The key advantage of NPS over mutual funds is cost. NPS fund management charges are 0.01-0.09% — compared to 0.5-1.5% for mutual funds. Over 30 years, this fee difference alone can add 10-15% more to your corpus. On a ₹1 crore corpus, that's ₹10-15 lakh extra just from lower fees.
🔄NPS partial withdrawal rules
After 3 years in NPS, you can make partial withdrawals for specific purposes. Maximum: 25% of your own contributions (not employer's). Allowed reasons: children's higher education, children's marriage, home purchase or construction, treatment of critical illness (self, spouse, children, parents), and skill development/re-skilling.
You can make a maximum of 3 partial withdrawals during the entire NPS tenure. Each withdrawal requires documentation — admission letter for education, hospital bills for medical treatment, property agreement for home purchase. Apply through your Nodal Office (employer) or directly via CRA portal for All Citizen Model subscribers.
Early exit (before 60): If you want to exit NPS entirely before 60, you must use 80% of the corpus to buy an annuity — only 20% can be withdrawn as lumpsum. This makes early exit very unfavorable. If your corpus is below ₹2.5 lakh, you can withdraw 100% as lumpsum. This penalty structure is intentional — NPS is designed for retirement, not short-term savings.
🔒NPS Tier II — the flexible savings account
NPS Tier II is a voluntary investment account with no lock-in — you can deposit and withdraw anytime, like a savings account but with better returns. Minimum investment: ₹250. Same asset allocation choices (E/C/G) as Tier I. Same fund managers. Same low charges. The only difference: no tax benefit (except for central government employees who get 80C deduction on Tier II contributions with 3-year lock-in).

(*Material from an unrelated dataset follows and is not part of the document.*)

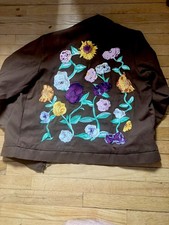 TAYLOR SWIFT SURPRISE SONG PIANO Work Jacket NEW size MEDIUM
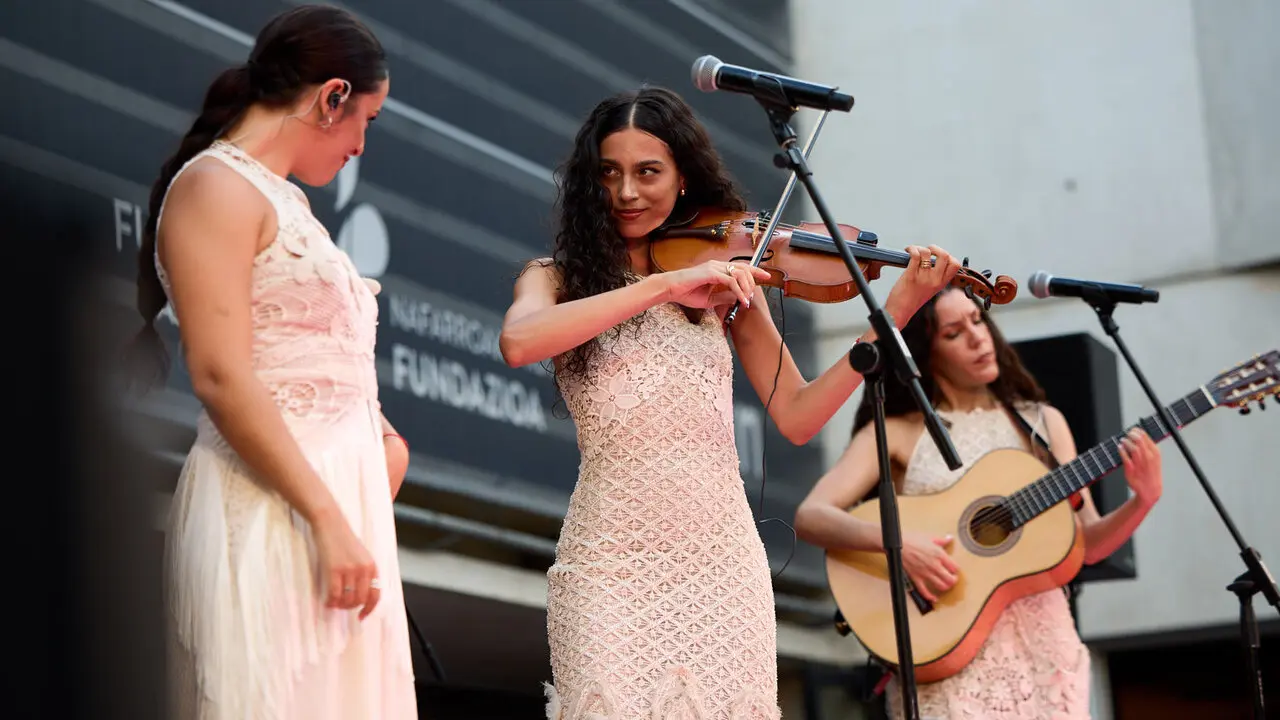 Concierto del grupo de flamenco Las Migas con el que se da inicio al ciclo Escena CIVICAN 2026. I&Ntilde;IGO ALZUGARAY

Tier II is useful as a liquid savings vehicle with equity exposure. Bank savings accounts give 3-4%, liquid mutual funds give 6-7%, but NPS Tier II equity option has delivered 12-14% over the long term. If you need flexibility but want equity returns with rock-bottom charges, Tier II is worth considering. However, gains are fully taxable — no special treatment like Tier I.
To open Tier II, you must have an active Tier I account. Apply through the same CRA portal (NSDL or KFintech). Withdrawals are processed within 2-3 working days to your registered bank account. There's no minimum balance requirement and no penalty for withdrawal. Think of it as a premium savings account backed by government-regulated fund managers.